It is important to see, that Latin American political developments after 2000 (the so-called pink tide in the region) brought new, mostly left-wing governments in South America. Parallelly, US foreign policy initiated ‘War on Terror’ that was rather unpopular in Latin America, while new presidents in Latin America blamed Washington (and the IMF) for the social costs of structural reforms introduced in the 1990s. Therefore, in Latin America new types of regional alliances emerged, mostly in institutionalised form to give an alternative of the Western way of regional integration. Academic literature calls this phenomena ‘post-hegemonic’ regionalism, referring to the essential Latin American motivation to get rid of US influence and find a sovereign way of development.2

A serious limitation of more intense trade and investment links between Latin American countries is that these economies are mostly competitive ones – they are fighting with each other for market share in the United States, the EU and Asian markets.

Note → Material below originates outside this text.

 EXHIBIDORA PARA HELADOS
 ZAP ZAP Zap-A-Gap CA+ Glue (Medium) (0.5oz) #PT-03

Besides this, the relative backwardness of infrastructure in Latin America is also an important factor when it comes to increase in trade relations. For Latin Americans, external partners (the US, European countries and Asian partners) have always been more important, than regional ones – historically Latin American governments and business actors have always concentrated on building strong relations with extra-regional partners.

2 For more details see Pía Riggirozzi and Diana Tussie (ed.): The Rise of Post-hegemonic Regionalism. The Case of Latin America. Srpinger, 2012.